■ What to do: Your answer must be only the lines below from the one containing "Four people sitting around a table" through the one containing "Dit is een foto", copied exactly, with the pictures left out.

■ Dataset extract:

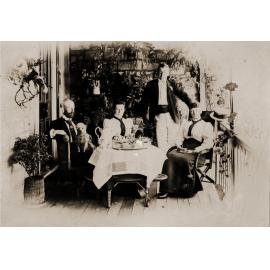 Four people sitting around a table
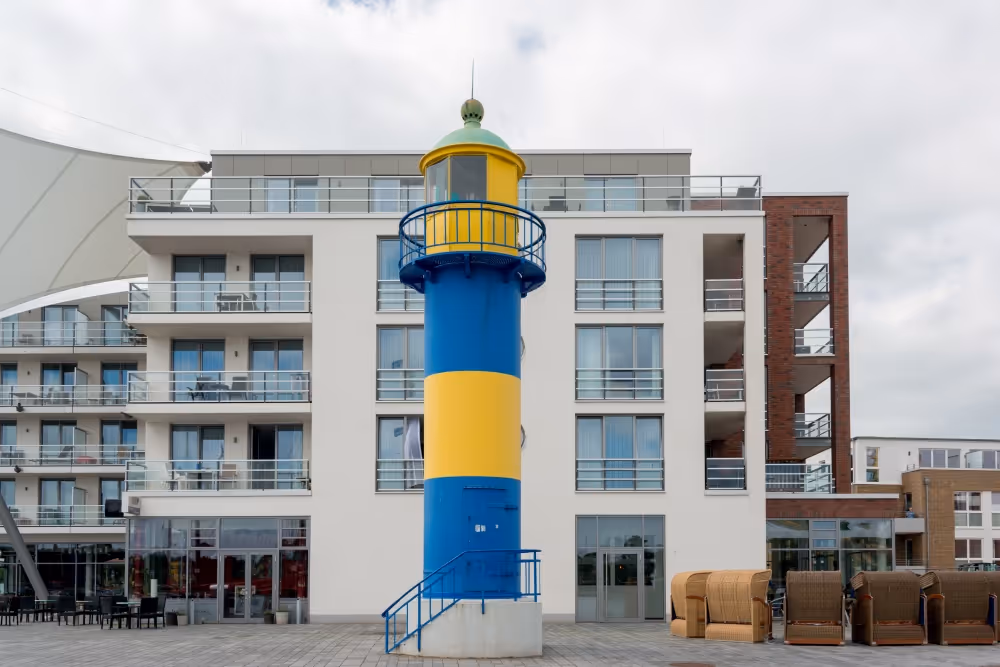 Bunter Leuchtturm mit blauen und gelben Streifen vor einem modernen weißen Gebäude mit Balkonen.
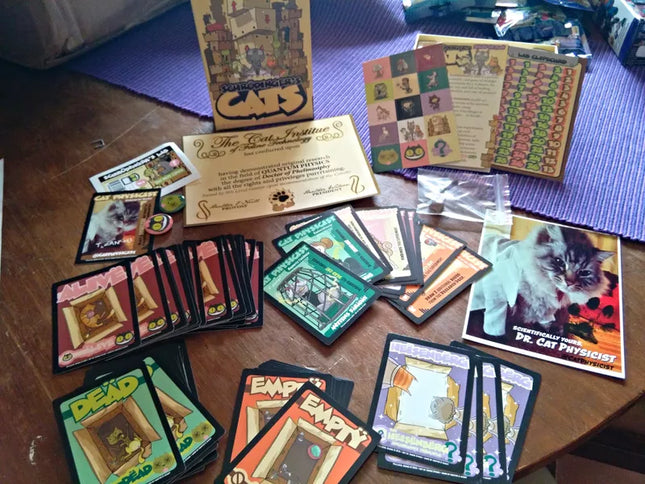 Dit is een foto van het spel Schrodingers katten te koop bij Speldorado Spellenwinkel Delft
* * *
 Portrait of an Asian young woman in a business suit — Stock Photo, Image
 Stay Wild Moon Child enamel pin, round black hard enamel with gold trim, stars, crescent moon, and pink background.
* * *
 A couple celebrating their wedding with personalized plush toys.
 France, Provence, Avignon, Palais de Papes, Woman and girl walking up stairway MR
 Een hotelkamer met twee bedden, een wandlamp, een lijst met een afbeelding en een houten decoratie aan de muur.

■ Response to the exercise:
 Four people sitting around a table
 Bunter Leuchtturm mit blauen und gelben Streifen vor einem modernen weißen Gebäude mit Balkonen.
 Dit is een foto van het spel Schrodingers katten te koop bij Speldorado Spellenwinkel Delft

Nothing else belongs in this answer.